New Study Shows that Bulimia Actually Causes Weight-Gain

Though many bulimics engage in binging and purging behavior in order to control weight-gain, a new study shows that bulimia actually tends to cause women to gain weight rather than lose it. The study, led by Drexel University, shows that women hit their highest weights while engaging in bulimic behaviors such as laxative abuse and vomiting to purge after eating binges. In fact, the longer that a woman battles bulimia, the more her weight will climb according to the study.

According to Drexler psychologist Michael Lowe, senior author of the study, the study has important implications. Lowe believes that “[Therapists] can argue that these drastic behaviors really aren’t working” and lead to weight gain.

The study ads evidence to the fact that the binge-purge cycle does not prevent weight gain. Though vomiting and laxative abuse can halt food absorption, those activities do not completely halt absorption. Therefore, consuming thousands of calories during a single sitting can actually cause one to gain weight, even in light of purging behavior.
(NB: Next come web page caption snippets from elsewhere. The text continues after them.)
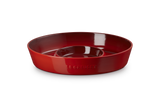 Le Creuset Chip & Dip Stand 34Cm  Cerise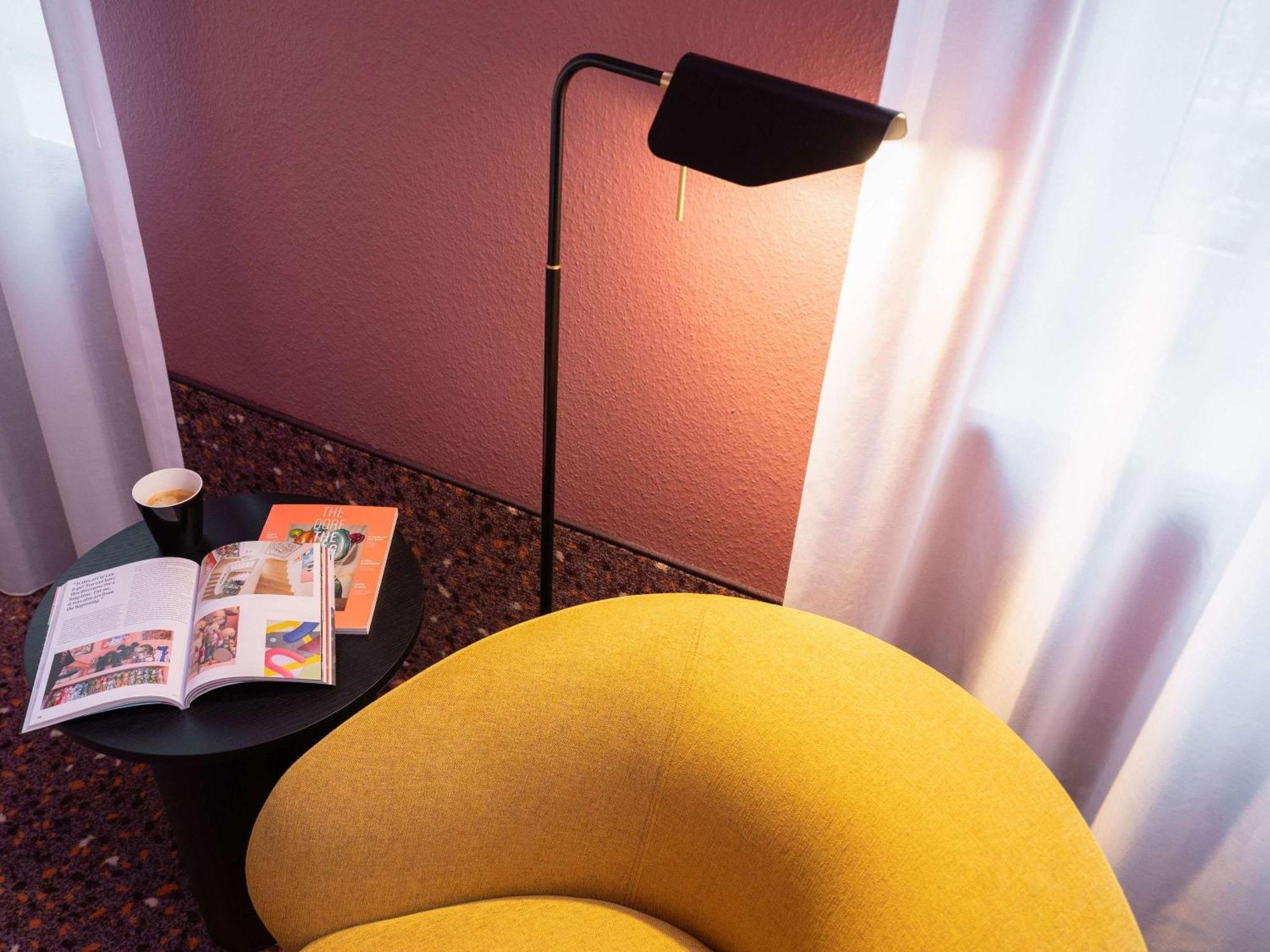 Tribe Duesseldorf Hotel Екстериор снимка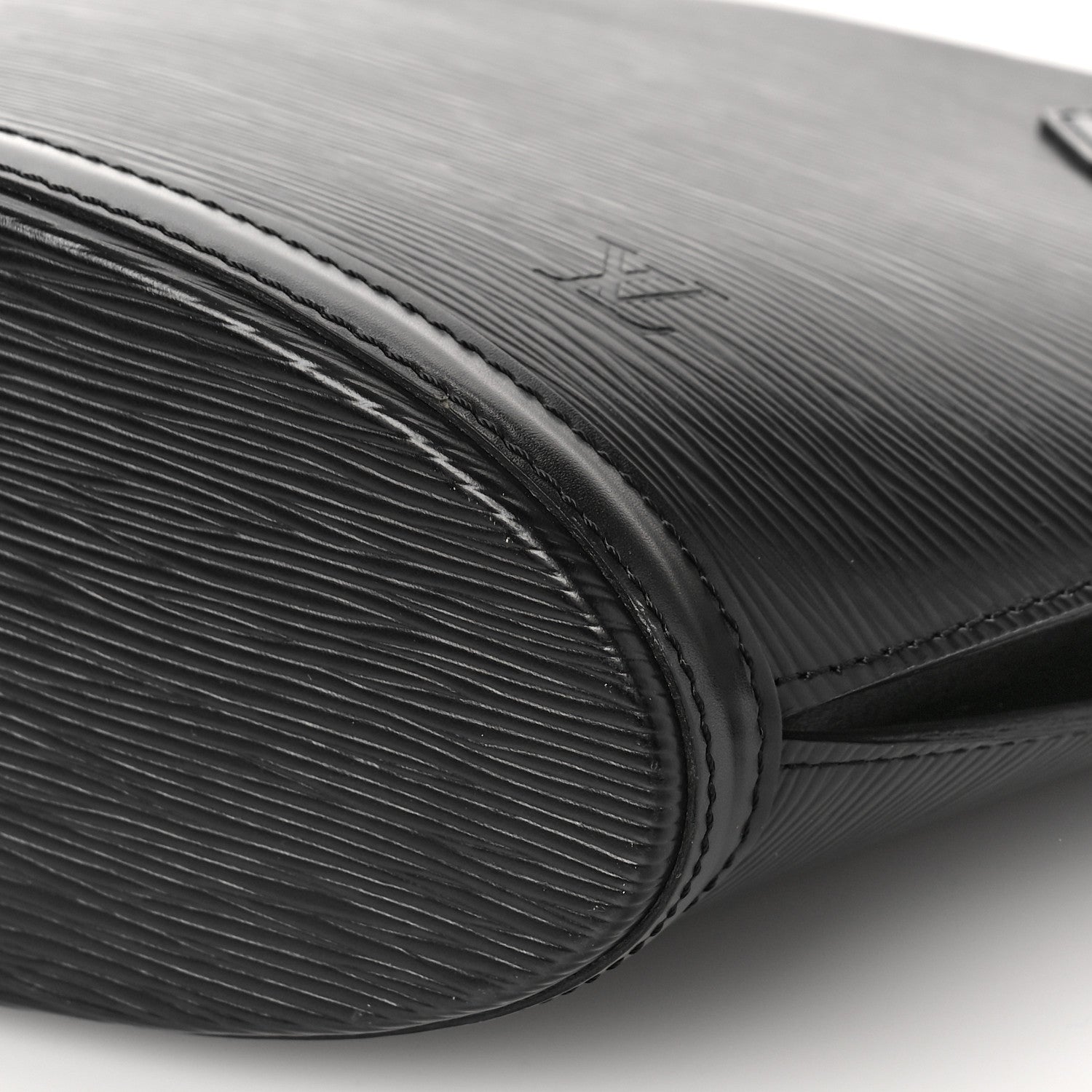 Louis Vuitton Epi Saint Jacques PM Black 8 of 8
Though bulimia can lead to weight gain, patients suffering with bulimia nervosa do not tend to be obese. Therefore, it’s best for therapists to focus on the harmful effects that bulimia can have on one’s system. Bulimic behavior can do damage to the teeth, throat and internal organs that is difficult-to-impossible to repair. However, it’s still worth noting to patients that bulimia is not a statistically effective weight-loss solution.

Though purging behaviors associated with bulimia are normally considered disgusting, they can actually create a sense of comfort. “[Binging] creates physical discomfort, so self-induced vomiting is both psychologically and physically a relief,” according to Michael Lowe. “Bulimics get stuck in a bind.” Breaking this cycle of behavior often requires that an individual enter a bulimia treatment program.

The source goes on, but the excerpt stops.